(Data extracted from a collection)
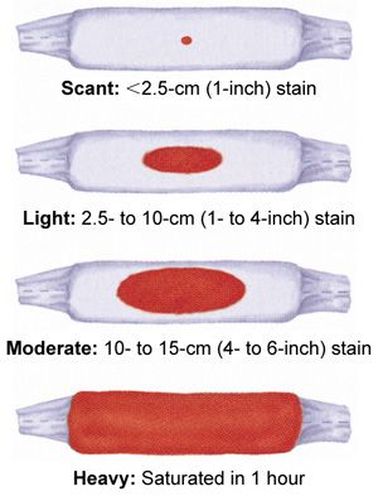 Implantation spotting vs light period vs heavy period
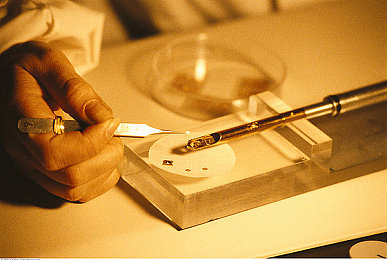 控尿计划表：中老年尿控困扰？神奇“计划表”来帮忙-3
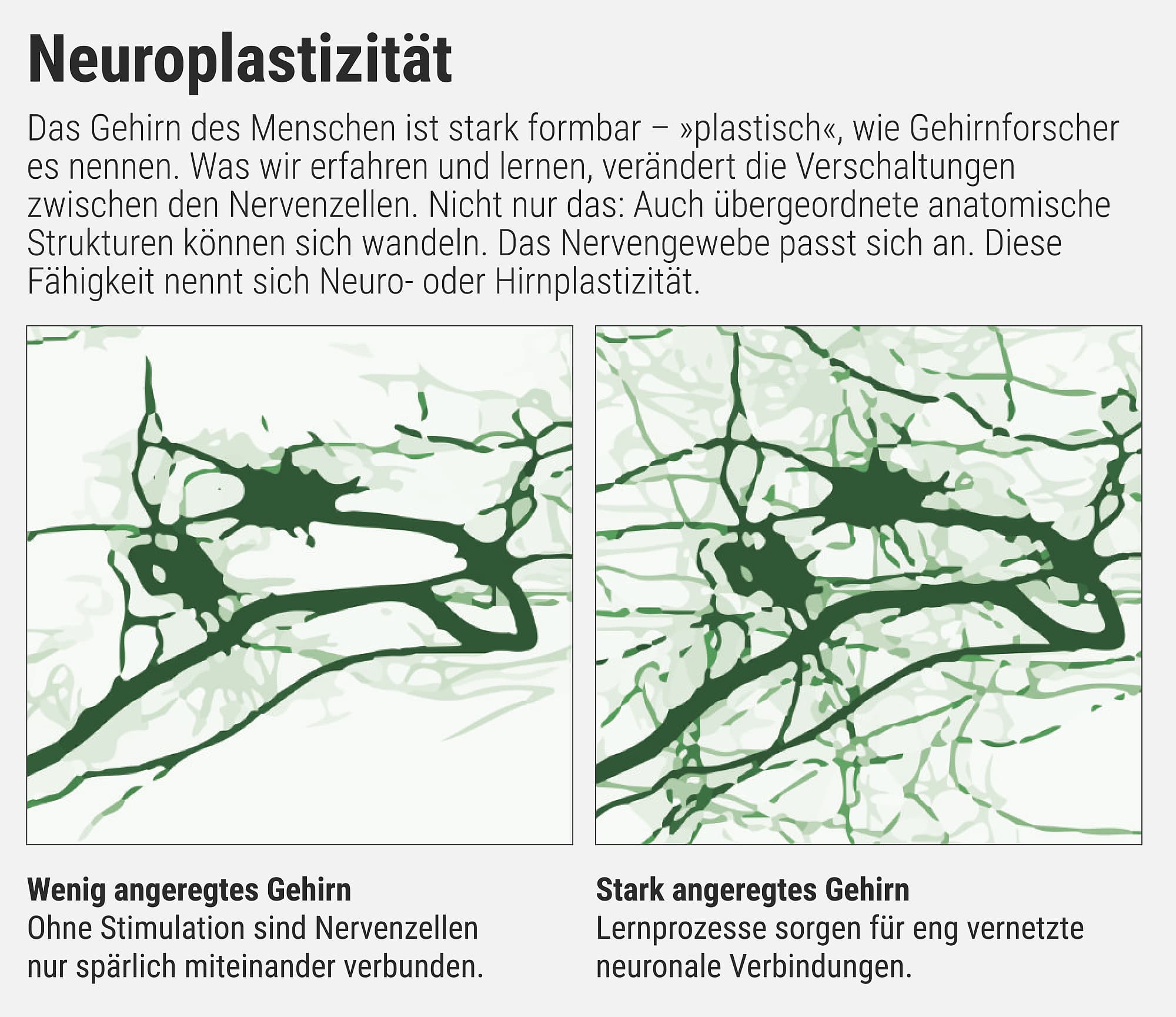Wie die Grafik zeigt, ist das Gehirn stark formbar – etwa durch regelmäßige Bewegung. Wie die Grafik zeigt, ist das Gehirn stark formbar – etwa durch regelmäßige Bewegung.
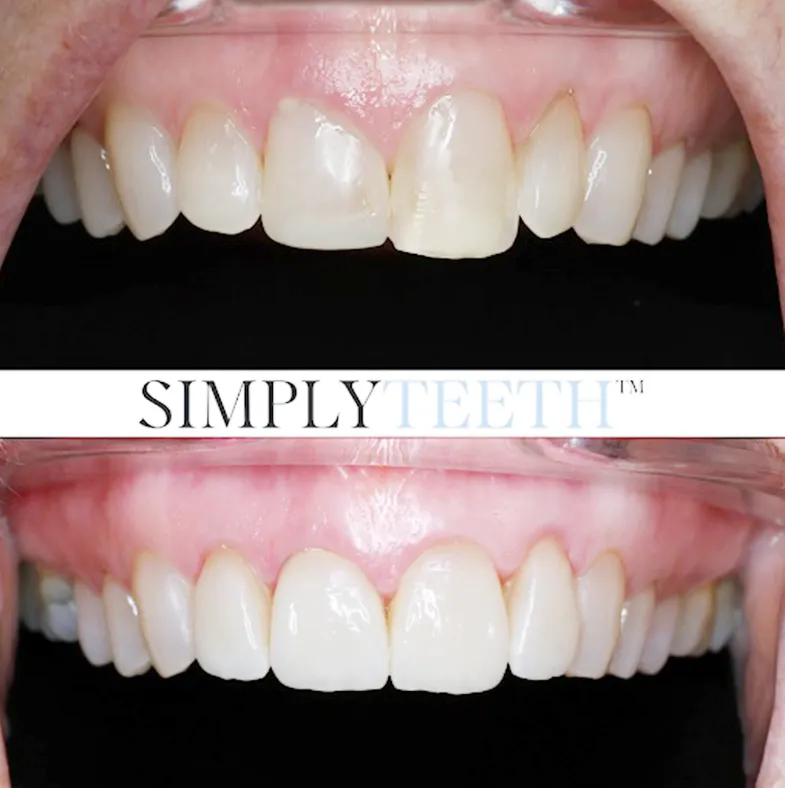 Before and after process Before and after process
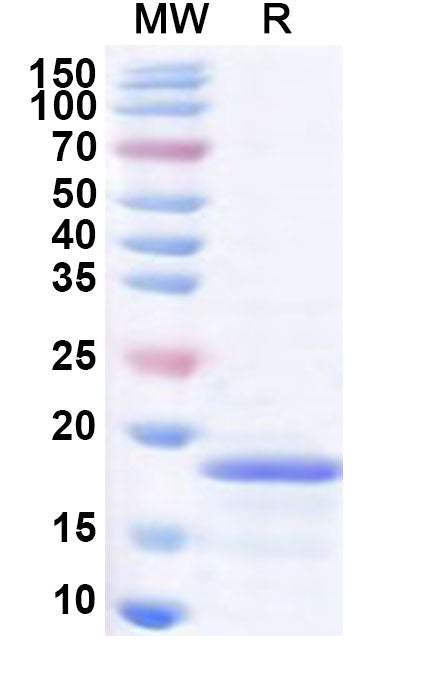 Recombinant Human PLEKHS1 Protein, N-His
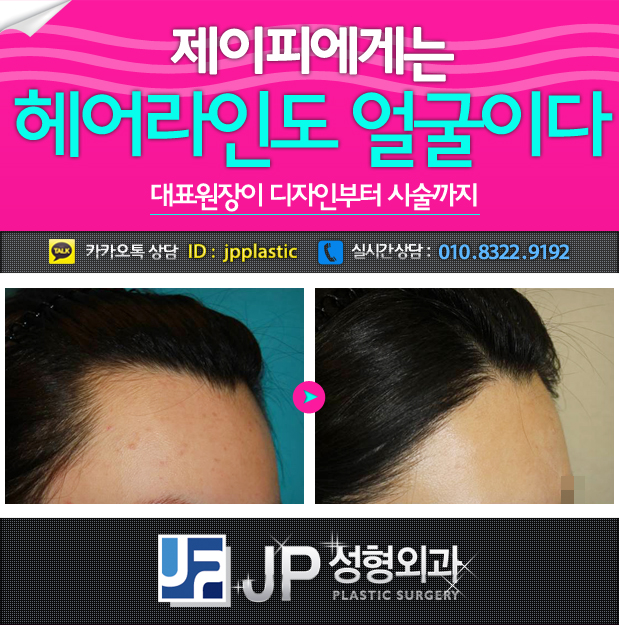 정 헤어라인 이미지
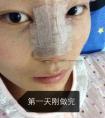假体隆鼻手术大概需要多少钱 我来告诉你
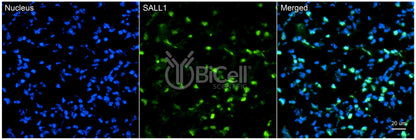 SALL1 Antibody - FFPE Validated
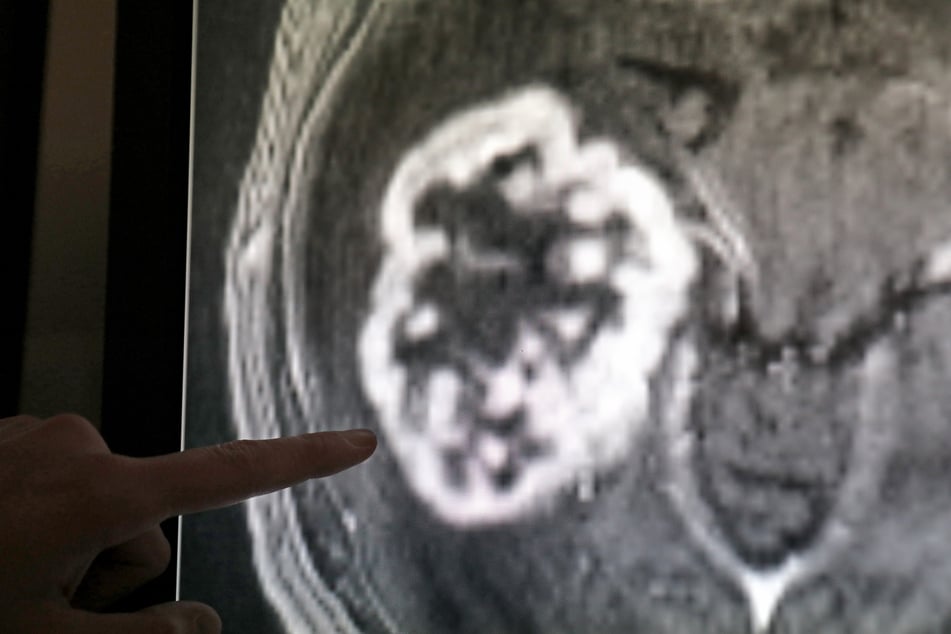 Medizinwissenschaftler der TU Dresden testen die Folgen der Corona-Pandemie für Krebspatienten. (Symbolbild)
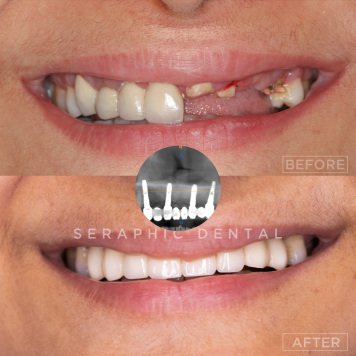 Affordable Dental Implants – Permanent Tooth Replacement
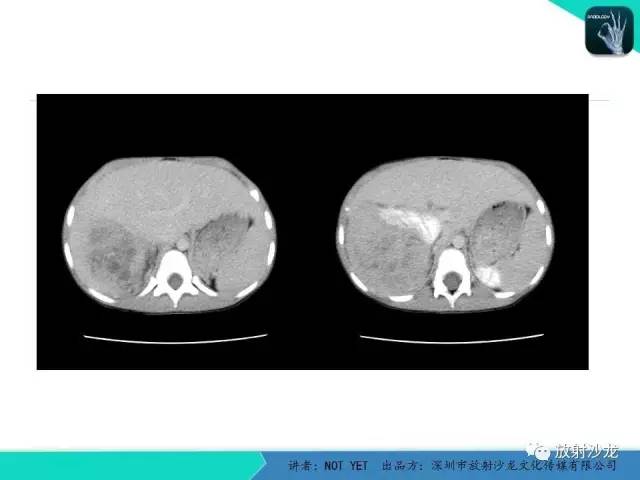 【病例】右肾母细胞瘤1例CT影像表现 【病例】右肾母细胞瘤1例CT影像表现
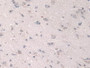 DAB staining on IHC-P; Samples: Human Brain Tissue.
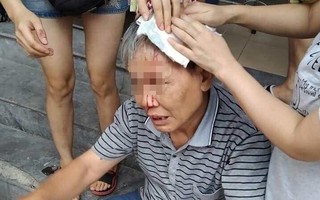 Hà Nội: Đưa cháu xuống chơi ở sân chung cư, người ông bị ổ khóa rơi trúng đầu gây thương tích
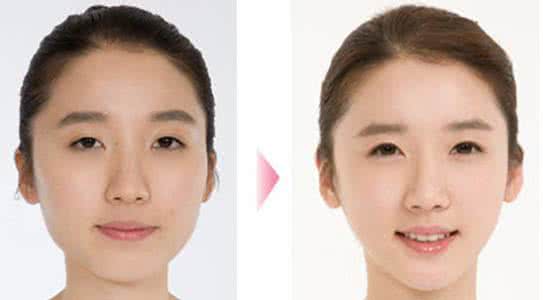 悬针纹 男女叁阳起卧蚕 莹然光彩好儿郎 悬针理乱来侵位 宿债平生不可当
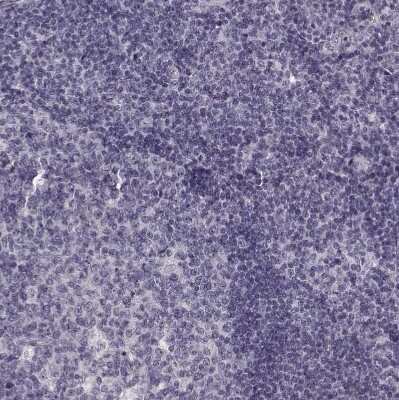 Immunohistochemistry-Paraffin: Rit2 Antibody [NBP2-68932]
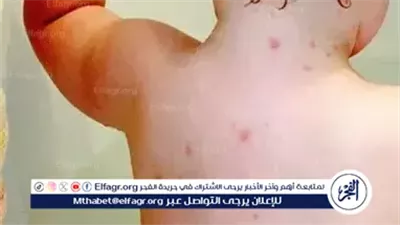 جدرى القرود يتفشى في 49 دولة ويصيب أكثر من 6.8 مليون شخص.. والصحة العالمية تعلن استمرار حالة الطوارئ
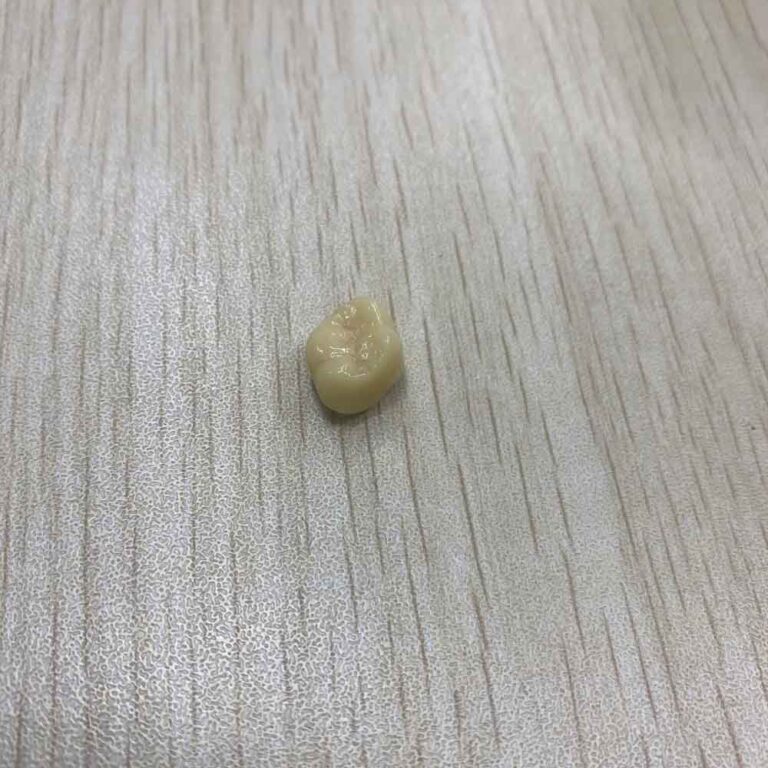 denti inferiori provvisori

Directions for this task >> For this exercise, repeat word for word only the lines from the one containing "Affordable Dental Implants" through the end of the data, including both. Pictures do not go in the copy.

Written answer >>
 Affordable Dental Implants – Permanent Tooth Replacement
 【病例】右肾母细胞瘤1例CT影像表现 【病例】右肾母细胞瘤1例CT影像表现
 DAB staining on IHC-P; Samples: Human Brain Tissue.
 Hà Nội: Đưa cháu xuống chơi ở sân chung cư, người ông bị ổ khóa rơi trúng đầu gây thương tích
 悬针纹 男女叁阳起卧蚕 莹然光彩好儿郎 悬针理乱来侵位 宿债平生不可当
 Immunohistochemistry-Paraffin: Rit2 Antibody [NBP2-68932]
 جدرى القرود يتفشى في 49 دولة ويصيب أكثر من 6.8 مليون شخص.. والصحة العالمية تعلن استمرار حالة الطوارئ
 denti inferiori provvisori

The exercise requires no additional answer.